A developer entered into a contract with a property owner for the purchase of a property where residential townhouses were to be built. The purchase price was $2 million and the developer was required to obtain subdivision approval and all necessary municipal approvals. The contract was for six months with a six-month extension upon payment of an additional deposit. The extension period was implemented, but the parties could not agree on a revised price with both seeking to adjust the sale price in their favor. Following the end of the extension period, the parties continued to negotiate the price. After additional negotiations in which the seller offered a price of $2.3 million, the developer sent closing documents based on the contract price of $2 million.

The seller did not respond to the developer’s attempts to schedule a closing and brought an action against the developer for a declaration that the sale agreement was terminated as a result of the developer’s breach. The developer brought a separate action against the seller for breach and unjust enrichment based on the increased property value resulting from having obtained subdivision approvals. The matters were consolidated. The lower court then rejected the developer’s argument that delaying tactics on the part of one of the seller’s principals prevented the closing before the end of the extension period. Instead, it held that the final date of the extension period marked the expiration of the contract. The lower court also awarded attorneys fees to the seller and refused to address the developer’s claims.

On appeal, the Appellate Division held that the lower court incorrectly disregarded the conduct of the seller’s principal in reaching its finding that the contact had expired at the end of the extension period.
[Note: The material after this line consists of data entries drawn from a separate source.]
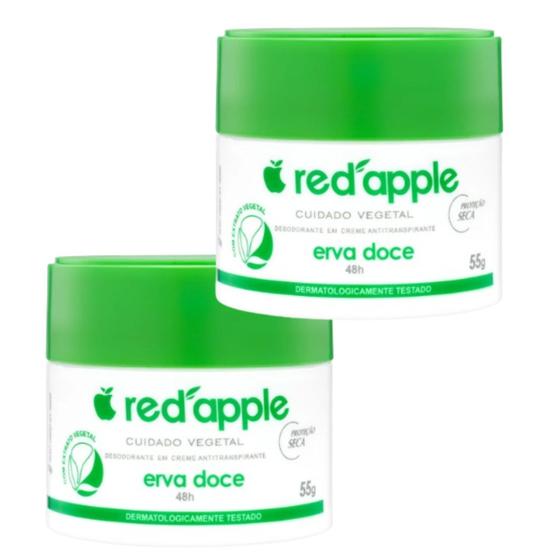 Imagem de Kit 2 Desodorante Em Creme Erva Doce 55G - Red Apple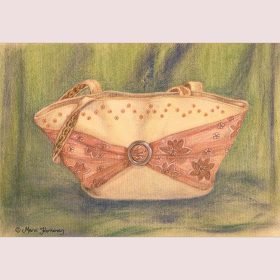Dry chalk drawing of a Hand Bag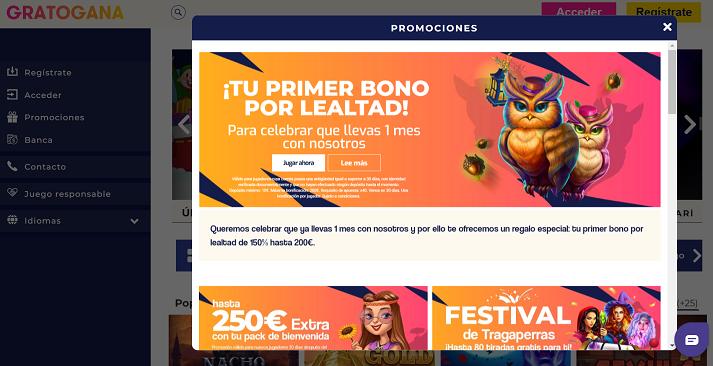 bonos de gratogana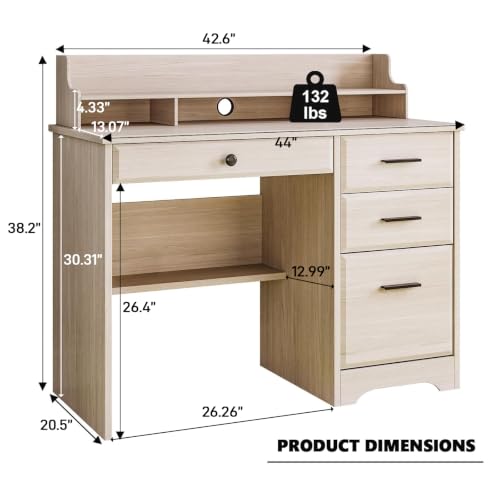 4 EVER WINNER Small Desk with Drawers for Small Spaces, 44'' Computer Desk with File Cabinet & Monitor Stand, Wood Writing Desk for Bedroom, Living Room, Off White - color: Off White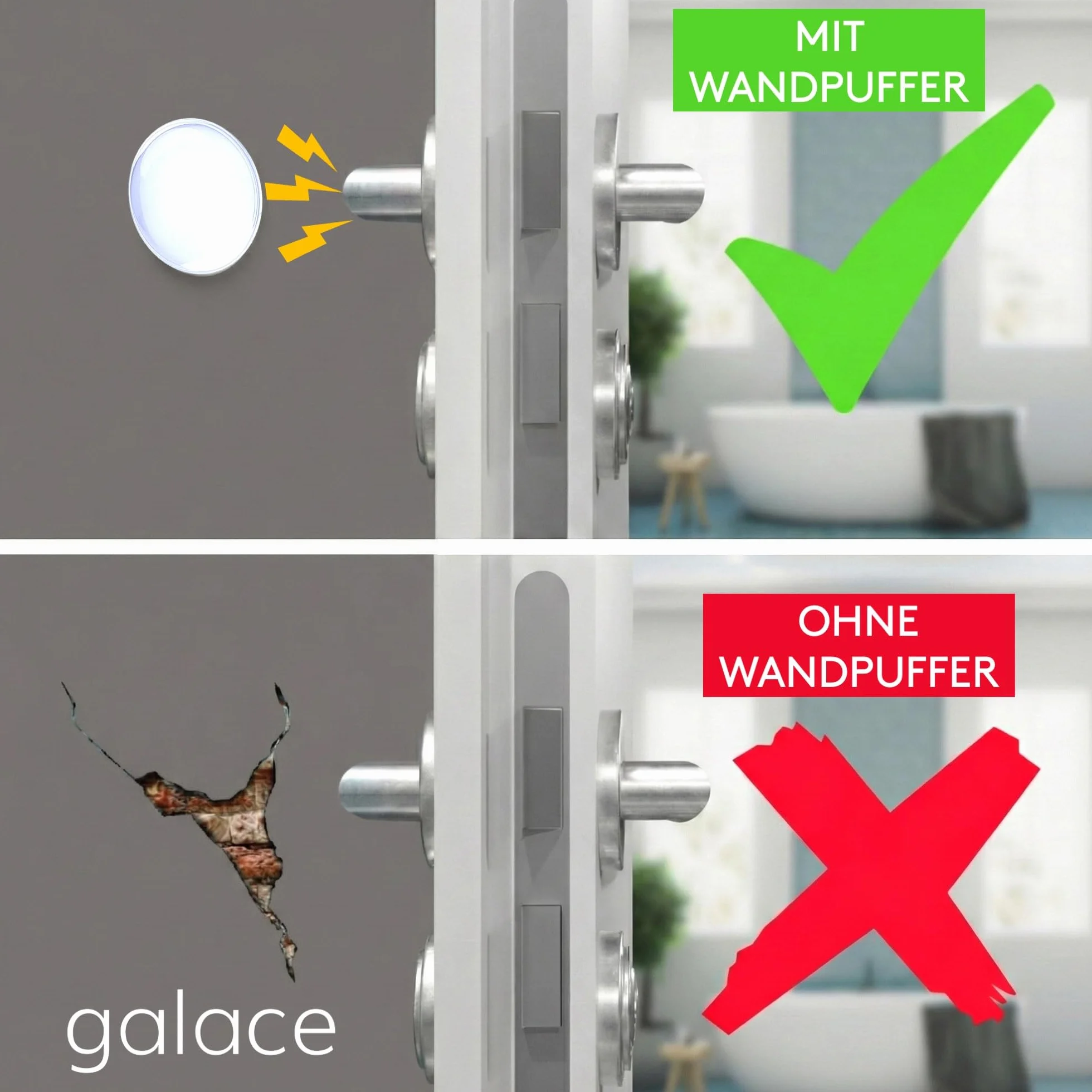 GALACE Samoprzylepny odbojnik do drzwi biały 40 mm 12 sztuk – zderzak ochronny ściany stoper ogranicznik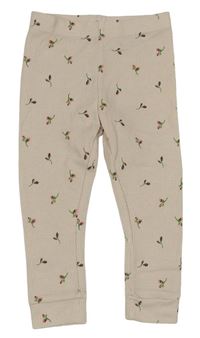 Pudrové žebrované pyžamové kalhoty s kvítky zn. Primark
It added that the principal’s conduct in continuing negotiations after the end of the extension period could have constituted a waiver of the seller’s right to enforce the term of the contract. The Court, however, pointed out that whether a waiver occurred was a matter of the principal’s intent and this required a factual determination. As a result, it reversed the lower court’s summary judgment ruling that the contract had terminated at the end of the extension period. The Court remanded the matter for a determination as to whether the principal’s conduct in continuing negotiations constituted a waiver of the seller’s right to consider the contract terminated and whether there was any bad faith on the part of the seller’s principal.